General information
- Type: Unmanned drone surveillance
- Manufacturer: Turkish Aerospace Industries (TAI)
- Status: in use

History
- Introduction date: 2003

= TAI Martı =

Turkish unmanned aerial vehicle

TAI Martı is a radio-controlled surveillance unmanned drone designed, developed and built by Turkish Aerospace Industries (TAI) in 2003.

Martı is the Turkish word for "seagull". TAI produces other UAVs named after birds.

==Development==
The shoulder-winged UAV has all composite material airframe. The drone is propelled by a 2-cylinder 2-stroke gasoline engine of type OS MAX 46 FXi by German company Graupner GmbH with 1.7 hp power or
Zenoah G38 from Japan with 2.2 hp in tractor configuration. The drone carries a two-axis gimbaled EO/IR camera, which relays its video in real-time telemetry. Its guidance/tracking takes place fully autonomous based on INS/GPS integrated waypoint navigation system. Take off of the drone can be accomplished in conventional way on wheels or by catapult and the recovery on wheels or by parachute.

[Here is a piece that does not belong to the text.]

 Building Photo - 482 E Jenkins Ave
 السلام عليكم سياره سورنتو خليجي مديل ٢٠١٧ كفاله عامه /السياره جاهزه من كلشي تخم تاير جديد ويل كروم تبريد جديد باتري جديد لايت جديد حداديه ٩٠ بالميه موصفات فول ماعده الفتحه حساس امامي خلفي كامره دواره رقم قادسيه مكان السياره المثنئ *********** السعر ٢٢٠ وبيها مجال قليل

TAI Martı was produced originally for pilot training, and is in service since 2003. The development of aerial-photographic camera as well as studies for digital image analysis and retrieval were carried out in cooperation with Scientific and Technological Research Council of Turkey (TÜBİTAK). In 2004, TAI Martı successfully completed the testing in aerial image retrieval and shootings in Mersin that led to replacement of older retrieval system with balloons.